The young doctor gave her a desperately anxious look, “It’s overstocked, Doctor. There was another accident prior to this one, it was a doozy.”

Melinda nearly smacked herself in the forehead. There was a myriad of things she wanted to do to her junior and smacking him was climbing up rather speedily to the top. “Doctor Flinnegan, please memorize the hospital’s floorplan ASAP, for the love of god. Haven’t I already told you to stop listening to Richards? Jesus. I need a small team! Get this man to the O.R, now!”

A flurry of nurses appeared just seconds later, their hands landing on the gurney before strolling the cot down a hall, Melinda and Flint in tow. Complete file in hand, Melinda’s eyes scanned the patient’s chart.

Warren Markus, age 30…

The remainder of the next hour and a half went in a blur all too familiar in Melinda’s veins. The adrenaline rush and spin of swift information made her fall into a state of mind so automatic it was almost soothing. The caffeine in her blood brought her alertness to an entirely different level, making her mind process the events and spit out orders so efficiently she nearly felt unstoppable.

It was a difficult thing to explain since most people tended to break under such pressures. Not Melinda. She thrived on it.

The fiercest bit of action faded as soon as her patient was wheeled into an operating room, and she took some time to compose her mind to slow into clinical precision. Of course, much of her focus nearly exploded when she walked int to scrub down. The sight of a rival doctor would make most people get irriated—Melinda believed herself to be above petty differences—but this man had caused her more problems than aid in her cases and she knew it was because he was just a genuine bastard.

“Richards, what the fuck are you doing here?” She snapped, not bothering to wait until he saw her. Richard turned around, already fully scrubbed down and prepared. His eyes twinkled smugly over the face mask and she was proud of her ability to remain professional even after feeling her blood boil.

“I’m about to save a man’s life, Reese.”

She threw him a final nasty glare as she dumped her hands under scalding hot water. “There’s an entire room of dying people in the E.R, go there.”

“Nah, I’d rather save this guy.”

“Typical,” she hissed, feeling her skin sting with the force of the bristles she dragged over her palms. “I get it, you hate the fact I’m here, but don’t risk people’s lives to play your little games. This man should’ve been in here twenty minutes ago.”

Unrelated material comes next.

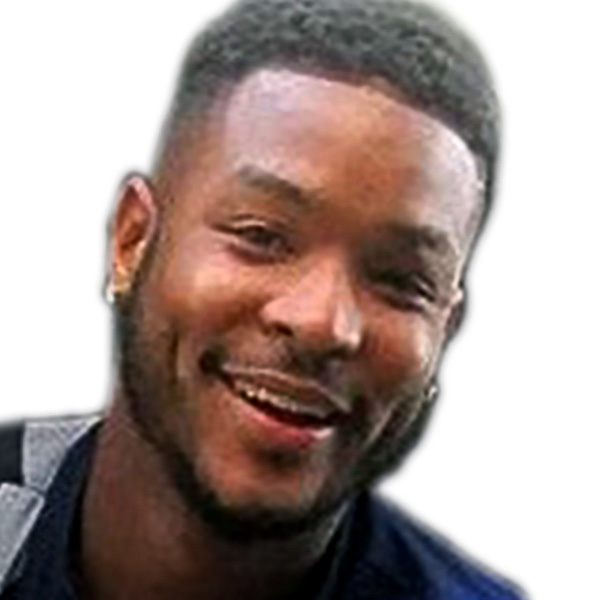 Photo for case Tyrone Johnson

“Typical,” Richards parroted. “Of a woman to overreact to the smallest little accident. However do you do your job?” She was inches from pissing off the board, because she was very tempted to reach over and kick the surgeon in the balls. Instead, she tugged on her gloves and finished sterilizing herself.

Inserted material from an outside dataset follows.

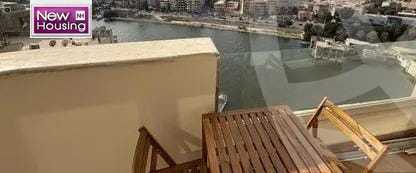 https://aqarmap.com.eg/en/listing/5834135-for-sale-cairo-al-zamalek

Ignoring Richards would be something she would grow to do with more elegance in the future, of this she was sure. Dealing with misogynistic assholes wasn’t unusual in her line of work, but she usually let her experience speak for itself rather than to settle into pointless debates. She learned this three years into her residency in the hospital. Something else she learned was the unfortunate level of success she had with Richards when they worked together. Off work, the two loathed one another, but when in the same room and saving someone’s life, they were nearly unstoppable. Still, she would much rather work with Doctor Ansari—he was a million times more amicable than his counterpart. With a deep breath, she walked into the operating room, finding the room prepared for the procedure.

All her patients looked peaceful when under the full weight of narcotics and shock, yet this man’s face didn’t seem to ease off from a pained scowl even after it all. Then again, that wasn’t too surprising when the man’s name was Warren. Lights on, equipment ready, Melinda got to work to saving this man’s life as she monitored his heart readings… if only she knew she’d have more to do with his heart.